== HOW TO COMPLETE THIS TASK ==
At the line containing "Adattatore cavo video", begin an exact copy, and continue through the last line of the entries below. Leave out any pictures.
====== DATA FOR ANALYSIS ======
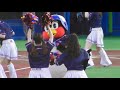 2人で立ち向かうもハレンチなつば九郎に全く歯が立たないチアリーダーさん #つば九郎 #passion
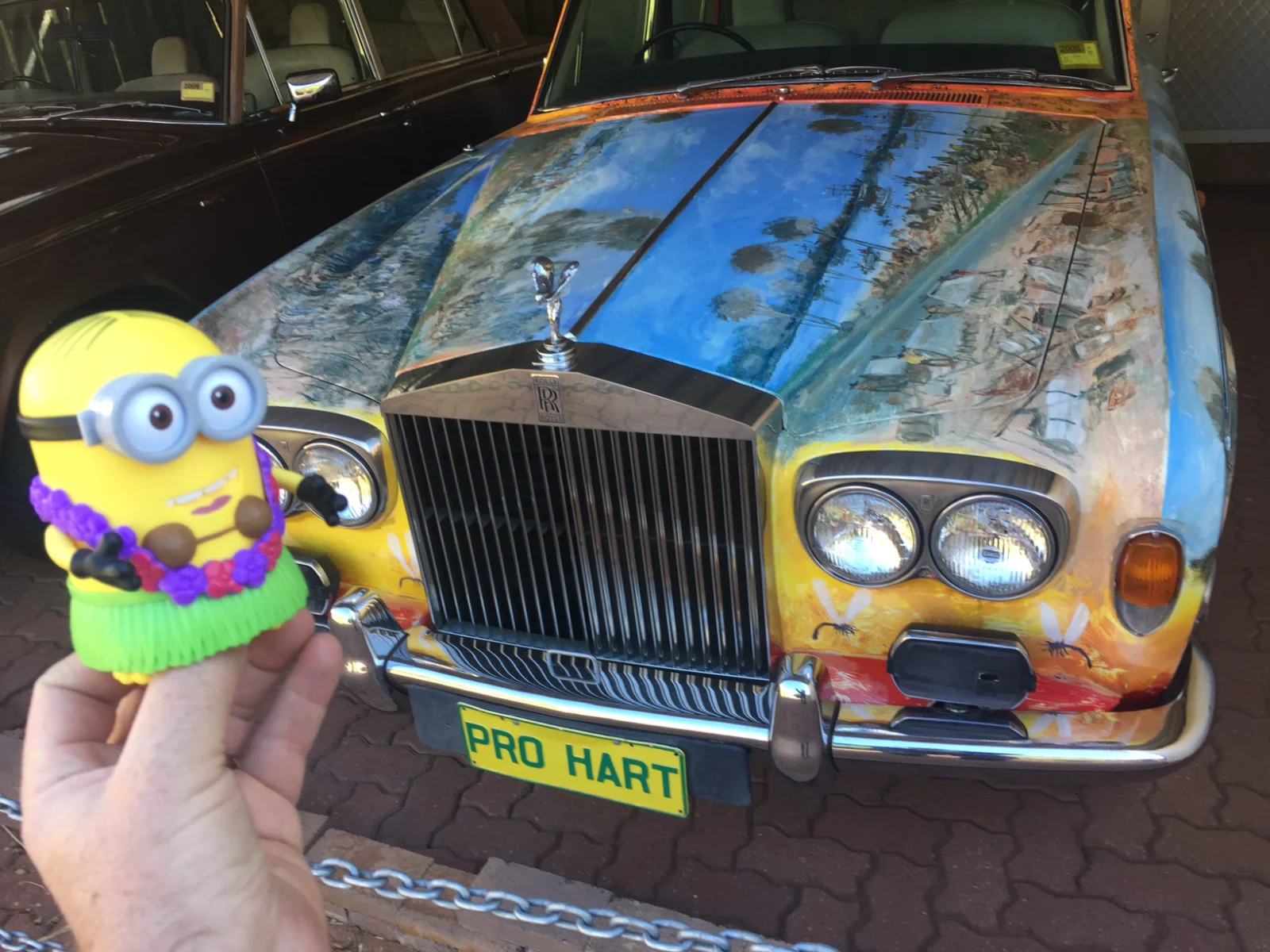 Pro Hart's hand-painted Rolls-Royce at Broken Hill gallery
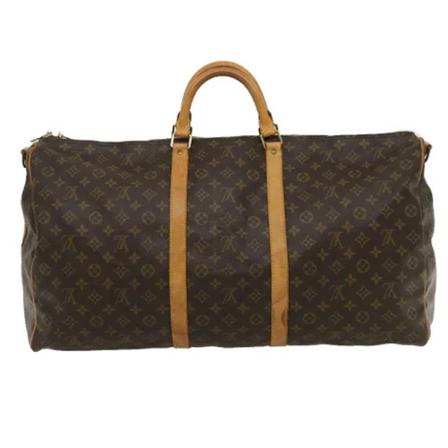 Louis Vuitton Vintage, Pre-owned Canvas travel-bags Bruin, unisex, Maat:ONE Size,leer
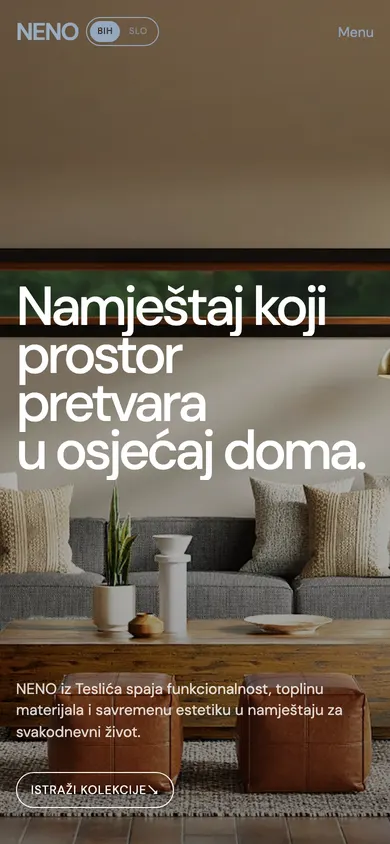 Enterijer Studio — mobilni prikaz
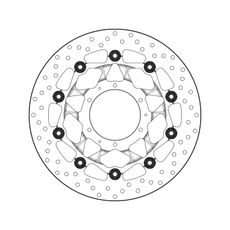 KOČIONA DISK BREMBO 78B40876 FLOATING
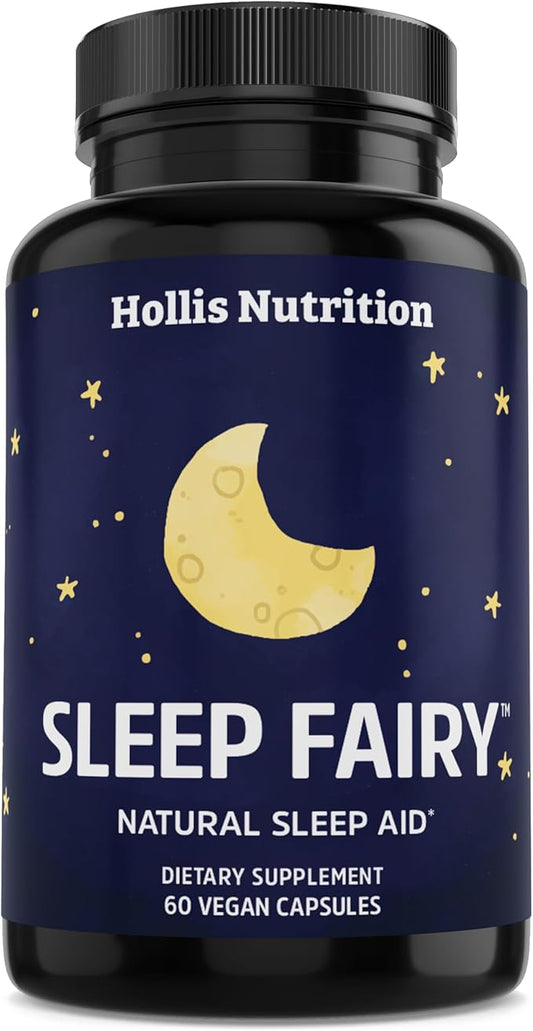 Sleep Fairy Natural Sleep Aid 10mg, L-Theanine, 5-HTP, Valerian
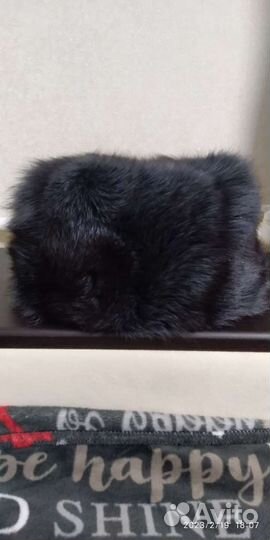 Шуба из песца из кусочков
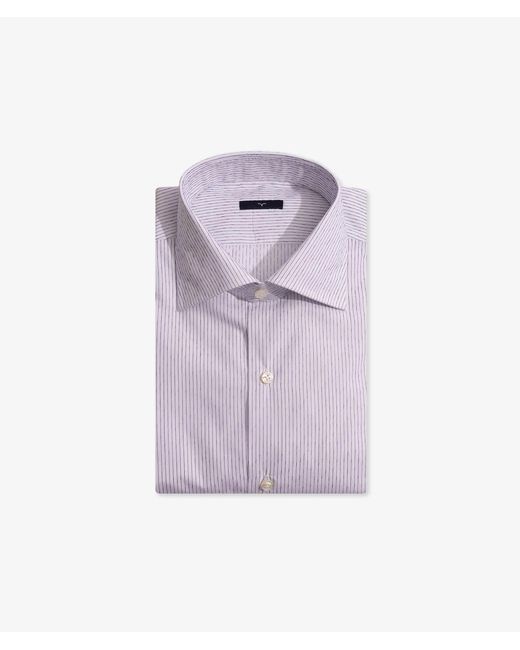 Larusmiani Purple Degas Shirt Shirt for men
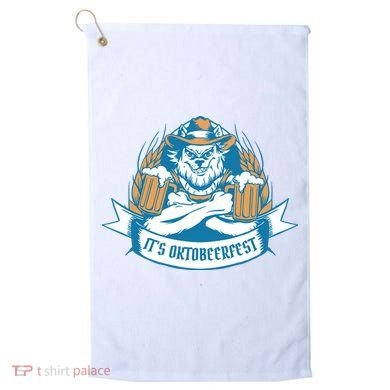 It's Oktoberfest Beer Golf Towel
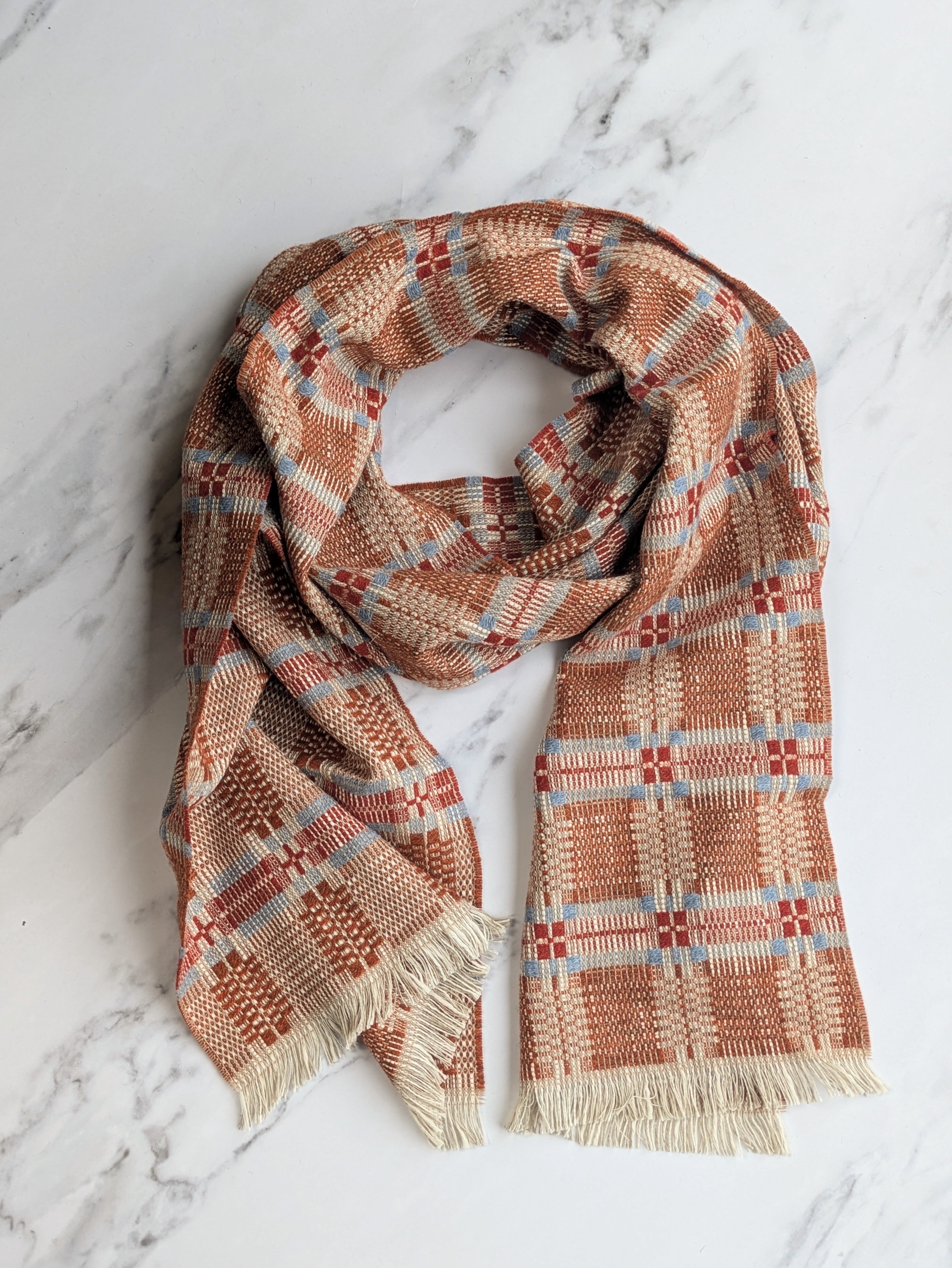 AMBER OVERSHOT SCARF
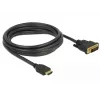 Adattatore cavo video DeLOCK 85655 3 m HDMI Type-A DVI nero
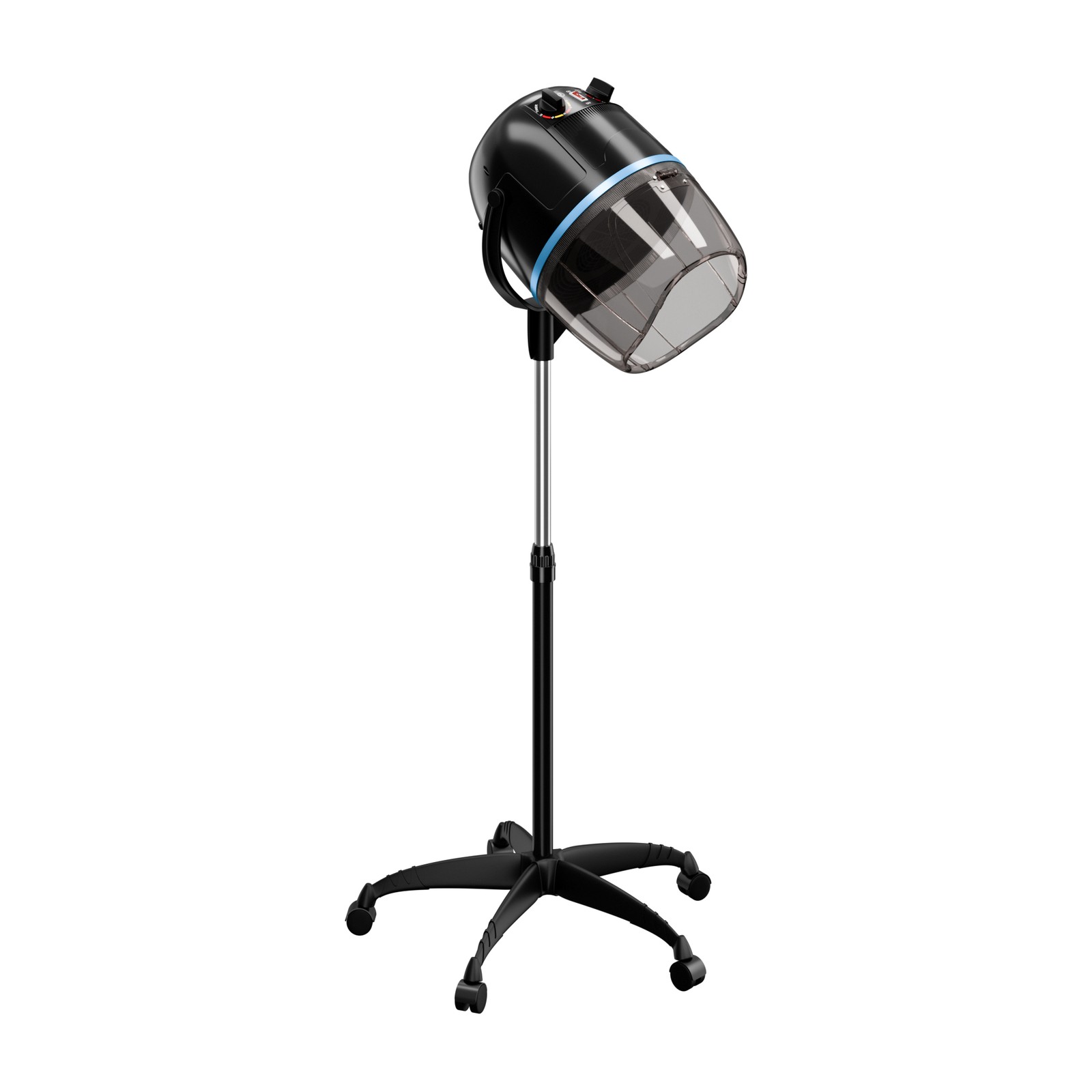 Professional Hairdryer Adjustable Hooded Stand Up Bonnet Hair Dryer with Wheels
======
== PROBLEM SOLUTION ==
 Adattatore cavo video DeLOCK 85655 3 m HDMI Type-A DVI nero
 Professional Hairdryer Adjustable Hooded Stand Up Bonnet Hair Dryer with Wheels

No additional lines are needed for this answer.